U.S. President Donald Trump has said his son's meeting with a Russian lawyer last year in hopes of obtaining damaging information about his Democratic rival Hillary Clinton is "standard practice" during a political campaign.
"Most people would have taken that meeting," Trump said at a joint news conference with French President Emmanuel Macron. "It's called opposition research, or research into your opponent."
"I've only been in politics for two years, but I've had many people call up, 'Oh gee, we have information on this factor or this person or frankly Hillary,' -- that's very standard in politics. Politics is not the nicest business in the world, but it's very standard," he said.
Trump's latest defense of his son Donald Trump Jr.'s meeting with Russian lawyer Natalya Veselnitskaya came as U.S. House of Representatives Speaker Paul Ryan urged Trump Jr. to testify before Congress about the meeting.

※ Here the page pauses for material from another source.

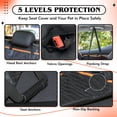 thumbnail image 4 of Hamaca para Perro Nobleza Convertible Antideslizante Impermeable para Coche, 4 of 9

The younger Trump has offered to cooperate with Congress about the matter and would be the first member of the president's inner circle to testify before committees that are investigating Russian attempts to influence the election.
Senate Judiciary Committee Chairman Charles Grassley said on July 13 that he will send Trump Jr. a letter asking him to testify in public, and Ryan said he supported that request.

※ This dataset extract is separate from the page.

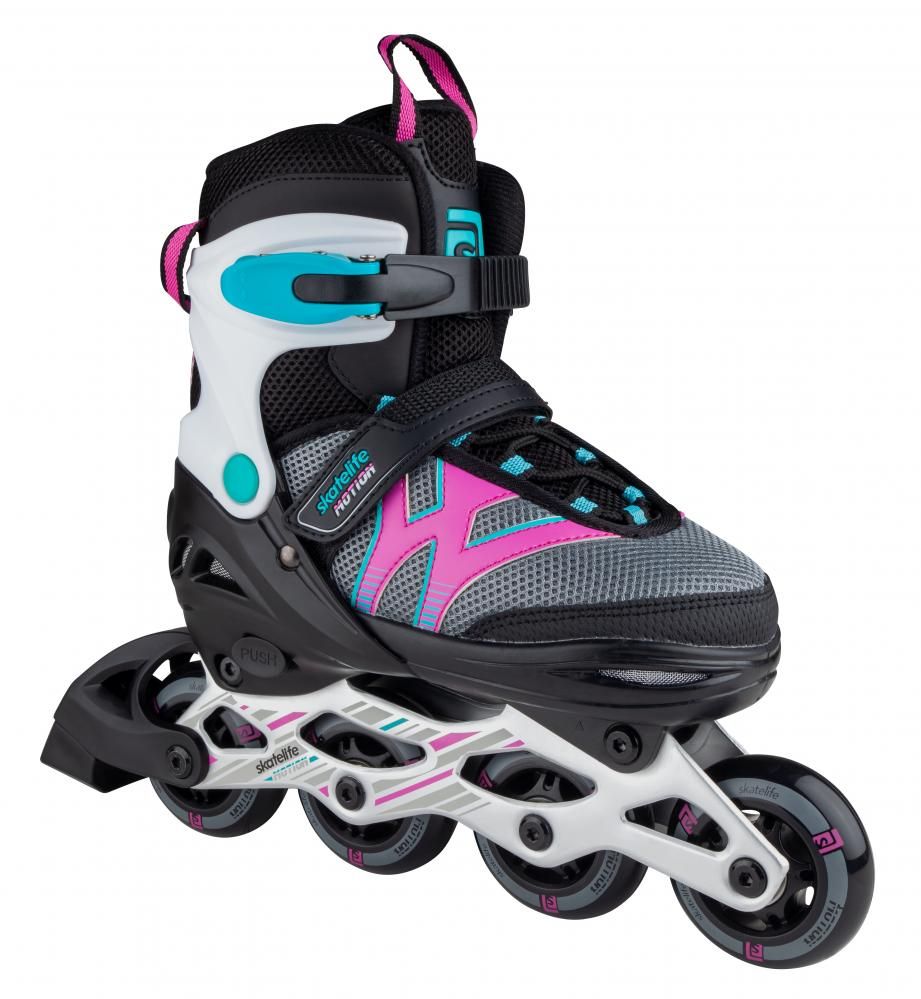 Skatelife Justerbar Inline Rulleskøjter Black/Pink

"I think any witness who's been asked to testify in Congress should do that," Ryan said.
Trump Jr. disclosed this week that he agreed to meet with Veselnitskaya in June 2016 after he was told she represented the Russian government and had damaging information on Clinton.

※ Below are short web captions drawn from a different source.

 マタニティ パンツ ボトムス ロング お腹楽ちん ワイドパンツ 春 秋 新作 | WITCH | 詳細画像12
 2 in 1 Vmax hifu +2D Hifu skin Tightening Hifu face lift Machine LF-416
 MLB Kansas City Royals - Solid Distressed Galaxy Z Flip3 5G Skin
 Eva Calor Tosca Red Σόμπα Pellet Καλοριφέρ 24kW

Trump Jr. said he would "love it" it that were the case, and he invited his brother-in-law, Jared Kushner, and Trump's campaign chairman at the time, Paul Manafort, to join the meeting, according to e-mails Trump Jr. released this week.
The e-mails are the most concrete evidence to date that Trump's campaign might have been willing to accept Russian help to win the election and are now a major focus of investigations in Congress.
The president stressed that Veselnitskaya was a private attorney and not a Russian government lawyer, and that nothing of substance came out of the meeting.
Meanwhile, U.S. citizen groups filed a complaint against Trump Jr., Kushner, and Manafort on July 13 with the U.S. agency that oversees elections, arguing that the three violated the law by meeting with the Russian.
The complaint with the Federal Election Commission was signed by Common Cause, the Campaign Legal Center, Democracy 21, and two campaign lawyers involved with those groups.